Passing messages around with actors is great. But I would like to have even easier code.
Examples (Pseudo-code)
val splicedList:List[List[Int]]=biglist.partition(100)
val sum:Int=ActorPool.numberOfActors(5).getAllResults(splicedList,foldLeft(_+_))
where spliceIntoParts turns one big list into 100 small lists
the numberofactors part, creates a pool which uses 5 actors and receives new jobs after a job is finished
and getallresults uses a method on a list. all this done with messages passing in the background. where maybe getFirstResult, calculates the first result, and stops all other threads (like cracking a password)
With Scala Parallel collections that will be included in 2.8.1 you will be able to do things like this:
val spliced = myList.par // obtain a parallel version of your collection (all operations are parallel)
spliced.map(process _) // maps each entry into a corresponding entry using `process`
spliced.find(check _) // searches the collection until it finds an element for which
// `check` returns true, at which point the search stops, and the element is returned
and the code will automatically be done in parallel. Other methods found in the regular collections library are being parallelized as well.

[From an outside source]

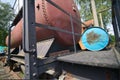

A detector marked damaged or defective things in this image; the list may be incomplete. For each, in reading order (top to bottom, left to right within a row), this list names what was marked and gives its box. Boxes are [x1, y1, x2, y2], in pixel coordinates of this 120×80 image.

rusty tank [5, 0, 82, 47]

Currently, 2.8.RC2 is very close (this or next week), and 2.8 final will come in a few weeks after, I guess. You will be able to try parallel collections if you use 2.8.1 nightlies.
You can use Scalaz's concurrency features to achieve what you want.
import scalaz._
import Scalaz._
import concurrent.strategy.Executor
import java.util.concurrent.Executors
implicit val s = Executor.strategy[Unit](Executors.newFixedThreadPool(5))
val splicedList = biglist.grouped(100).toList
val sum = splicedList.parMap(_.sum).map(_.sum).get
It would be pretty easy to make this prettier (i.e. write a function mapReduce that does the splitting and folding all in one). Also, parMap over a List is unnecessarily strict. You will want to start folding before the whole list is ready. More like:
val splicedList = biglist.grouped(100).toList
val sum = splicedList.map(promise(_.sum)).toStream.traverse(_.sum).get
You can do this with less overhead than creating actors by using futures:
import scala.actors.Futures._
val nums = (1 to 1000).grouped(100).toList
val parts = nums.map(n => future { n.reduceLeft(_ + _) })
val whole = (0 /: parts)(_ + _())
You have to handle decomposing the problem and writing the "future" block and recomposing it in to a final answer, but it does make executing a bunch of small code blocks in parallel easy to do.
(Note that the _() in the fold left is the apply function of the future, which means, "Give me the answer you were computing in parallel!", and it blocks until the answer is available.)
A parallel collections library would automatically decompose the problem and recompose the answer for you (as with pmap in Clojure); that's not part of the main API yet.
I'm not waiting for Scala 2.8.1 or 2.9, it would rather be better to write my own library or use another, so I did more googling and found this: akka
http://doc.akkasource.org/actors
which has an object futures with methods
awaitAll(futures: List[Future]): Unit
awaitOne(futures: List[Future]): Future
but http://scalablesolutions.se/akka/api/akka-core-0.8.1/
has no documentation at all. That's bad.
But the good part is that akka's actors are leaner than scala's native ones
With all of these libraries (including scalaz) around, it would be really great if scala itself could eventually merge them officially
At Scala Days 2010, there was a very interesting talk by Aleksandar Prokopec (who is working on Scala at EPFL) about Parallel Collections. This will probably be in 2.8.1, but you may have to wait a little longer. I'll lsee if I can get the presentation itself. to link here.
The idea is to have a collections framework which parallelizes the processing of the collections by doing exactly as you suggest, but transparently to the user. All you theoretically have to do is change the import from scala.collections to scala.parallel.collections. You obviously still have to do the work to see if what you're doing can actually be parallelized.